> _DATASET EXCERPTS_:
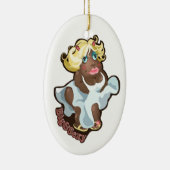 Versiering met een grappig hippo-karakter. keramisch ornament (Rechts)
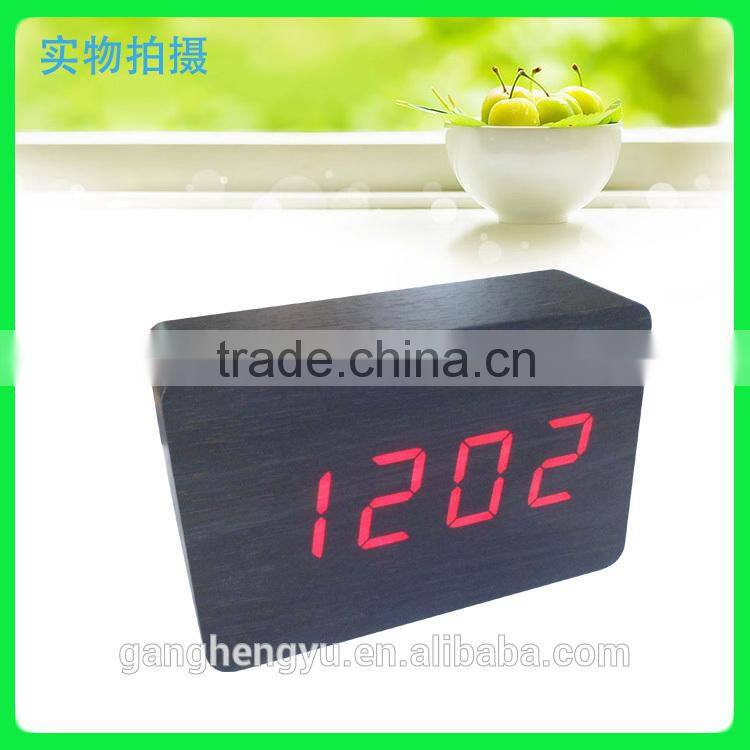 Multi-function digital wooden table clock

--

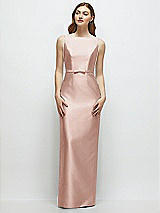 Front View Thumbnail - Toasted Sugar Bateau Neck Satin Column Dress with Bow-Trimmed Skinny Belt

--

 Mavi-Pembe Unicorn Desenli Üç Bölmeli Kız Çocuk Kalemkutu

> _EXERCISE AIM_: In the records above, copy exactly everything from the line that has "Versiering met een" down to the line that has "Multi-function digital wooden table clock", both ends included, and leave out the pictures.

> _COMPLETED EXERCISE_:
 Versiering met een grappig hippo-karakter. keramisch ornament (Rechts)
 Multi-function digital wooden table clock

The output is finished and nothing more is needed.